Pelosi's visit cannot be construed as a personal one. Consequently, it represents a slap in the face of the one-China principle which has been the cornerstone of Sino-U.S. relations as well as peace and economic development in East Asia since China's opening up.
The one-China principle acknowledges that there is only one Chinese government with the U.S. giving official diplomatic recognition to Beijing. Thus, Pelosi's visit sends out a dangerous mixed signal. At best, the visit disrespects China's sovereignty while at worst the optics suggests Washington is conducting state-to-state relations and seeks to disrupt peaceful reunification.
When it comes to Taiwan's economy it is highly integrated with the Chinese mainland and the Hong Kong Special Administration Region, which make up about 50 percent of Taiwan's exports. This will only increase as China and the rest of East Asia continue to develop together. Furthermore, Beijing's "One Country, Two Systems" ensures that Taiwan's governing system will be protected.
The fact is, the U.S. cares little about Taiwan residents, as it is them who would be on the front line of any potential geopolitical conflict that could ignite due to miscalculation. Certainly, in light of the "Pelosi insult," Beijing has every right to make an appropriate response, which I expect will take the form of increased military drills.
Such a military response would not be an overreaction considering that a U.S. carrier group is heading towards Taiwan to coincide with Pelosi's visit. In addition, Japan recently sent a parliamentary security group headed by the China Hawk Shigeru Ishiba to discuss plans for a possible conflict with Tsai Ing-wen. Clearly, through folly or planning, tensions are being ratcheted up.
While actions speak louder than words, let us suspend reality and hypothesize that U.S. President Joe Biden, in his recent call with his counterpart Xi Jinping, can be taken at his word when he said that "the United States strongly opposes unilateral efforts to change the status quo or undermine peace and stability across the Taiwan Straits." Under this scenario why on earth is Pelosi going to Taiwan?
The mind boggles. Reading acts like the "America COMPETES Act of 2022", it is evident that there are some in current U.S. political circles that seek to combat China by maintaining technological superiority in the chip-making industry which Taiwan is at the forefront. Perhaps Pelosi seeks to gut out Taiwan's tech industry by exporting more of it to the U.S. before China's reunification. To test this hypothesis, we'll have to keep an eye on her husband's trading!
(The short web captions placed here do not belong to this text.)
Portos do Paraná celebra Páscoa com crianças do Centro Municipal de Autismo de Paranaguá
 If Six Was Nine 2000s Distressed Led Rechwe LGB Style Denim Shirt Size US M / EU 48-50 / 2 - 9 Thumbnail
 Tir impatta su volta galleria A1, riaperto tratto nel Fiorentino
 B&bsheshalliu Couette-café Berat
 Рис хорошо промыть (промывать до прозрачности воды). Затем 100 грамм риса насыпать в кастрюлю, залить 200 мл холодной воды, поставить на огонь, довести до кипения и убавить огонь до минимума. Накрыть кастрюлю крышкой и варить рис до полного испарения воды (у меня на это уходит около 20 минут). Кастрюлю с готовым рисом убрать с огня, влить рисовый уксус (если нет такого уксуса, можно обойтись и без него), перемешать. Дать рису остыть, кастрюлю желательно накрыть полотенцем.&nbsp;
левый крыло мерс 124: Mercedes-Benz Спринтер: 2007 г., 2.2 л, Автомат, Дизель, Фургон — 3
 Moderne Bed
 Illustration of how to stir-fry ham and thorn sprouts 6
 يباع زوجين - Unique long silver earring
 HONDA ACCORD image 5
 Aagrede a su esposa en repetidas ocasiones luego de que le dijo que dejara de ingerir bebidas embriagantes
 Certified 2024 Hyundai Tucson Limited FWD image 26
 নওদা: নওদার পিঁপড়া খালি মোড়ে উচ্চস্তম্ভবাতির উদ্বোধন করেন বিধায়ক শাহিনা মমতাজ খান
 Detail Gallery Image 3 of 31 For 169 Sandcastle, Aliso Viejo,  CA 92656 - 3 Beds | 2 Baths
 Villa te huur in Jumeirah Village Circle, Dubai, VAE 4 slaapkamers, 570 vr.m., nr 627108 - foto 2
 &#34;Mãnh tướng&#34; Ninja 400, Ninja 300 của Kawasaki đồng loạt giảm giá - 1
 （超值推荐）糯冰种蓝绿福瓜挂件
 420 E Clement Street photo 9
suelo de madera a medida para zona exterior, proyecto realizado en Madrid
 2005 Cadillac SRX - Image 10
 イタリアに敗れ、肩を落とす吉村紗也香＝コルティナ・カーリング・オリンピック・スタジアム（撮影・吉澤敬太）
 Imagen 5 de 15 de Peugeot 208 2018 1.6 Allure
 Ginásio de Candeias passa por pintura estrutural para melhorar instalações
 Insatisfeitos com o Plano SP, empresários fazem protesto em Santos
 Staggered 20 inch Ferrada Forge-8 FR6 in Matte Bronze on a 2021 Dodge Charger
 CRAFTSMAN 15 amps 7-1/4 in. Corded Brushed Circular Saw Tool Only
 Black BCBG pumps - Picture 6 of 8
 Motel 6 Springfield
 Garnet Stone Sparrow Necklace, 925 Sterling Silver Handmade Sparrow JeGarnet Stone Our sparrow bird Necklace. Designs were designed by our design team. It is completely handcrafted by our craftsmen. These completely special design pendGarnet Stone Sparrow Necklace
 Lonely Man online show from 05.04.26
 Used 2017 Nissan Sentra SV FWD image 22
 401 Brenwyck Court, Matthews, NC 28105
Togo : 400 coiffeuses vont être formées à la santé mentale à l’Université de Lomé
While we can't rule out individual avarice, showboating, and folly, we must also consider that Pelosi's trip is a carefully planned strategic gambit. If this is the case, what is this gambit? Claims of protecting democracy and freedom must be discarded as history proves these claims always have corresponding imperial ends that act as the driver behind this public image.
Undoubtedly, the U.S. would like to keep Taiwan under its orbit for the purpose of containing China through dividing it. Geopolitically, a united China would have access to the first island chain which would break through the U.S. rimland strategy which the U.S. uses to maintain its hegemony by controlling the edges of continents through naval projection.
However, this status quo of U.S. dominance is a fantasy that cannot last forever. The historic tide points to the eventual peaceful reunification across the Taiwan Straits. With this in mind, a power as belligerent as the U.S. would surely rather cook up an early war while China is still relatively undeveloped. As such, Pelosi's visit, while not denying her own personal motivations, speaks to a wider strategy of poking China.
For the U.S. elites, such a conflict would provide another opportunity to harvest the misery of war. In turn, the whole of Asia would be dragged down and the U.S. would seek to use this win-lose strategy to retain its relative hegemony. Inevitably, the rest of the world will also suffer economically and if the conflict spreads the entire destruction of the earth is threatened with nuclear disaster.
With this in mind, even a "clever strategy" in the name of imperialism represents the height of folly. As such, the U.S. along with its allies must consider where they stand within the greater historical tide so that they avoid this meeting with disaster.
Keith Lamb is a University of Oxford graduate with a Master of Science in Contemporary Chinese Studies. His primary research interests are China's international relations and "socialism with Chinese characteristics."